If we are now to declare our judgment on the conduct of these Christians, we should not hesitate to pronounce, that both parties were right in the principles which they professed The difficulty only consisted in deciding how these principles were rightly to be applied to individual cases. But, on this point, these Christians only agreed in a few instances; in others, on the contrary, they differed widely from each other. Let us point this out in relation to their public duties as citizens, and their public life as members of society.

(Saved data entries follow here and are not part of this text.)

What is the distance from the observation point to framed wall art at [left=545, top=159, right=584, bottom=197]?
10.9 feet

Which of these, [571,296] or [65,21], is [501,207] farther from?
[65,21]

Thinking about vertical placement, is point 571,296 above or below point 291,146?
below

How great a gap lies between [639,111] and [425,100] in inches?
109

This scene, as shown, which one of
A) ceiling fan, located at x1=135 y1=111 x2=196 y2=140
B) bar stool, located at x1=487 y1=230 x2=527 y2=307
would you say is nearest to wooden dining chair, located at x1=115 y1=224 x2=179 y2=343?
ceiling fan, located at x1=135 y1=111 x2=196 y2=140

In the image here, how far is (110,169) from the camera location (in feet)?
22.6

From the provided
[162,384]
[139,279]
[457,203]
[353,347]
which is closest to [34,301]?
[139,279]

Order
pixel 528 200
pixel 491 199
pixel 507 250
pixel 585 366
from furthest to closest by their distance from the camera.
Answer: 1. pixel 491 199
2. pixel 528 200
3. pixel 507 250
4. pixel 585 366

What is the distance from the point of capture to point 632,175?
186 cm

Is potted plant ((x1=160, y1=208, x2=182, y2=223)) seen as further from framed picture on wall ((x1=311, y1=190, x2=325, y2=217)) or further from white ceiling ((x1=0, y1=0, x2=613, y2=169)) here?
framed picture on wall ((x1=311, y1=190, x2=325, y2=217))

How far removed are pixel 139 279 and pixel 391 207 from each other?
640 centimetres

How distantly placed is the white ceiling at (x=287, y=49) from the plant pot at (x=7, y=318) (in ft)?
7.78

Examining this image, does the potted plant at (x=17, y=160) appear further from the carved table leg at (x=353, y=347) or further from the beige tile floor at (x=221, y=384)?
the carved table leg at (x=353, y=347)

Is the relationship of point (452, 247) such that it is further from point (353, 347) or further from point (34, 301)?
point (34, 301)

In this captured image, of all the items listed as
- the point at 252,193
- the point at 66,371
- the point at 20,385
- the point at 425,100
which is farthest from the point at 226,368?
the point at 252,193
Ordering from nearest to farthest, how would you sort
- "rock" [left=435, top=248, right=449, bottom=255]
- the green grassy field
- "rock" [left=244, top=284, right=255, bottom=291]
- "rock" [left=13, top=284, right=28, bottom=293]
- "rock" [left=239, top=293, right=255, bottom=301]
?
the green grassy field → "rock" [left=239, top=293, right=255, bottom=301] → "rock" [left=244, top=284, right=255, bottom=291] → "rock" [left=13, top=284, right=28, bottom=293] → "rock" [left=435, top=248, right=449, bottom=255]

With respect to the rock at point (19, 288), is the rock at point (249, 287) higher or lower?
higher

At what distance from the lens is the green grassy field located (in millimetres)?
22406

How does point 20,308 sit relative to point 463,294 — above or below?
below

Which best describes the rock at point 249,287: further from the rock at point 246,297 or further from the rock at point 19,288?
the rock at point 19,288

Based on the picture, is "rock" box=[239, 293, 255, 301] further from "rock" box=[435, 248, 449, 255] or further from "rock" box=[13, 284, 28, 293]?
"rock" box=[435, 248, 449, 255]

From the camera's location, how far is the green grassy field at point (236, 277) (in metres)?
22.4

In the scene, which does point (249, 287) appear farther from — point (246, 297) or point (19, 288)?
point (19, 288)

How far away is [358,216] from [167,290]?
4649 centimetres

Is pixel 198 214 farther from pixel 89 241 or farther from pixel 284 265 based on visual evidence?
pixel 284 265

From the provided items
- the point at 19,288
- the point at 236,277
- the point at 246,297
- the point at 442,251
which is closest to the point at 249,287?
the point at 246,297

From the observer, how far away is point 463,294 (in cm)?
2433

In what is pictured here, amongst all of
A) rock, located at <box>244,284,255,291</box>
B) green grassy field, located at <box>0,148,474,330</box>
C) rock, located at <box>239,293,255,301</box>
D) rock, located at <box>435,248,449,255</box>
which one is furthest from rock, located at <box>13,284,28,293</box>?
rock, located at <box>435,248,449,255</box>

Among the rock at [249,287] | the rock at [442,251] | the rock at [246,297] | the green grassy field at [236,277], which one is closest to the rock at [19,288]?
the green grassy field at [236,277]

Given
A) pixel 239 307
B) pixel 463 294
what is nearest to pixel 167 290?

II. In accordance with the rule given by the apostle, “ Let every man abide in the same calling wherein he was called," it was unconditionally allowed to Christians to remain in their situation, to keep to their previous calling, and continue their previous trade, so long as this was not in itself immoral, or opposed to the generally acknowledged principles of Christianity. The Christian religion wished only to impart fresh honesty to them in their calling, their duty then became to act in it with a new feeling, as though it had been entrusted to them by God, and to employ themselves actively with an habitual regard to Him. On the other hand, whosoever, before his conversion to Christianity, had practised any trade either serving sin, or founded upon deceit, or in any way connected with heathen superstitions, was obliged to renounce it before baptism. He was then obliged to choose a new calling, and was aided for that purpose with especial kindness. According to this rule, no Christian could be employed in the manufacture of idols, in astrology, in pretended acts of magic, or stage-playing; and if any that had been baptized returned to such occupations, they were forthwith excluded from church communion. If they pretended that they could not gain a living by other means, they received the necessary support from the community.